Decision Date30 May 1991
Citation571 N.E.2d 1372,410 Mass. 290
PartiesCOMMONWEALTH v. Rufino MONTANEZ.
CourtUnited States State Supreme Judicial Court of Massachusetts Supreme Court

Neila J. Straub, Malden, for defendant.

Michael Fabbri, Asst. Dist. Atty., for Com.

Before LIACOS, C.J., and WILKINS, ABRAMS, NOLAN, LYNCH, O'CONNOR and GREANEY, JJ.

LYNCH, Justice.

The defendant, Rufino Montanez, was convicted of distribution of cocaine (second offense) and trafficking in cocaine in violation of G.L. c. 94C, §§ 32A (b ), 32E (b )(2) (1988 ed.). 1 The judge sentenced him to from nine to ten years on the distribution charge and from fourteen to fifteen years on the trafficking charge, the sentences to be served consecutively at the Massachusetts Correctional Institution at Cedar Junction. The defendant appealed, arguing that the judge erred in: (1) denying his motion for a new trial on the ground of ineffective assistance of counsel; (2) denying his motion to suppress certain evidence; (3) denying his motion to sever the two charges for separate trials; and (4) denying his motion for a required finding of not guilty on the trafficking charge. We transferred the case to this court on our own motion, and we now affirm.

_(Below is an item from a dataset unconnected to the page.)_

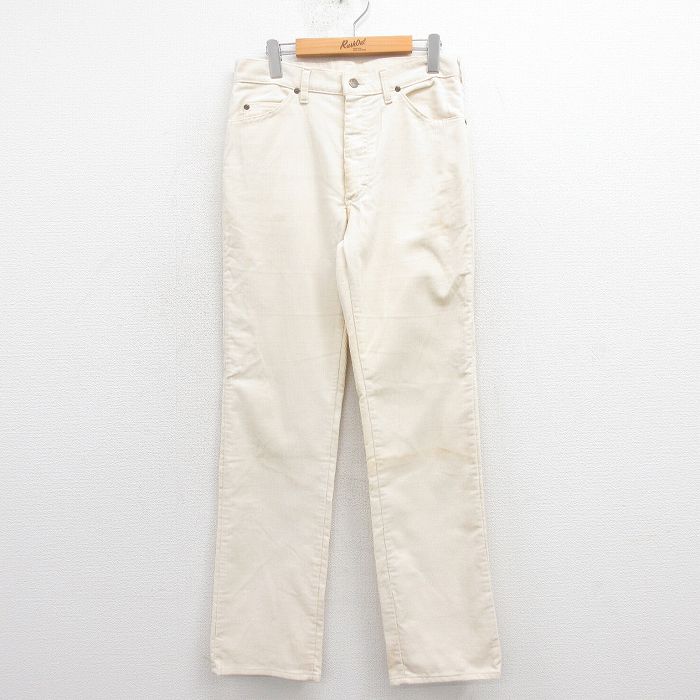 W31★古着 リー Lee コーデュロイ パンツ メンズ 90年代 90s USA製 生成り 25aug29 中古 ボトムス ロング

The jury could have found the following facts from the evidence at trial. On February 6, 1988, the defendant sold three and one-half grams of cocaine to an undercover police officer at the defendant's Woburn apartment. For the following four months, police maintained continuous surveillance of the defendant as part of an ongoing drug investigation in the area. During this period the police noted that, when the defendant was at his apartment in the evening, a lighted lamp would be set in a certain second-floor window (though this window was not in the defendant's apartment), the defendant's black Lincoln Continental automobile would be parked outside, and foot and automobile traffic to and from the rear entrance of the apartment building would increase.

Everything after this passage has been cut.